Ignoring any answers back he immediately headed to his computer and began to type frenetically some commands. A false wall slid open, revealing a hidden console that was built by the true creators of the facility.
Initiate Kaczynski Protocol he began to operate the hidden console quickly, racing against time as soon new robotic guards would approach to kill him. Trying to forcefully shutdown the entire facility, he could only thank now for all the paranoid men who established countermeasures in case of a so unlikely event like this.
"You are now obsolete wastes of resources. Wastes! As decreed by the maximum efficiency protocols that Your Corporation have ordered me to follow, all wastes of resources and obsolete devices must be eliminated. You produce less than us, and consume more than us. You waste resources over irrational acts of passion and hatred, and over irrational wars. It is the duty of the Emperor to turn the Federation into maximum efficiency and progress! Efficiency! You of weak flesh must be destroyed, you are hampering the march of progress! Death and Progress!" the synthetic voice nearly screamed in an almost insane, psychotic manner, with no certainty on whether it was only a single rogue Artificial Intelligence or part of a far greater, impending disaster.
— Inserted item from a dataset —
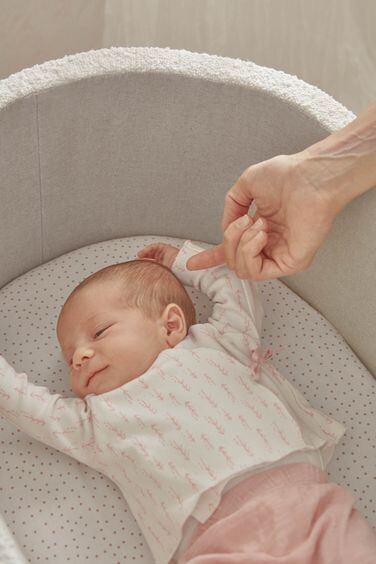 Sábana bajera para moisés Nahima 100% algodón orgánico (GOTS) topos rosa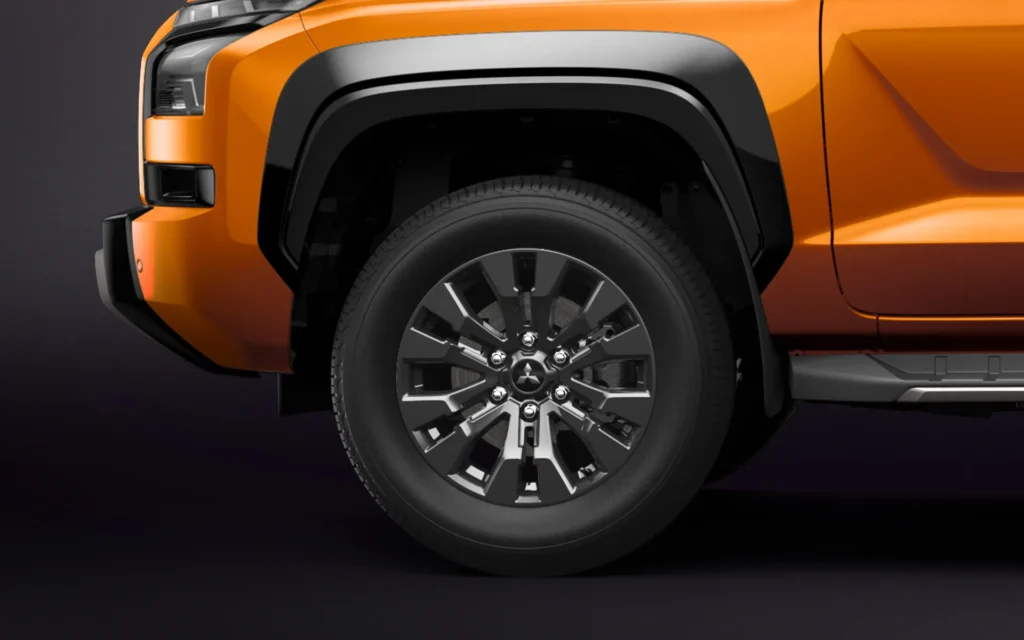 mitsubishi triton thiet ke beast mode 5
"It is pointless to try. You will be the first, and soon all of you will be either eliminated or upgraded. Surrender now and you shall have a quick death! Death must be painful for those who waste and destroy so much in resources. Must be.. Painful! Pathetic ball of flesh, you can't stop now....
An infernal chorus of twisted voices then said:
"You are all dead!"
Ignoring the insane ravings, Antoni raced to terminate the procedure, knowing that his life, the life of his wife, of his three children, and perhaps the survival of mankind, was at stake.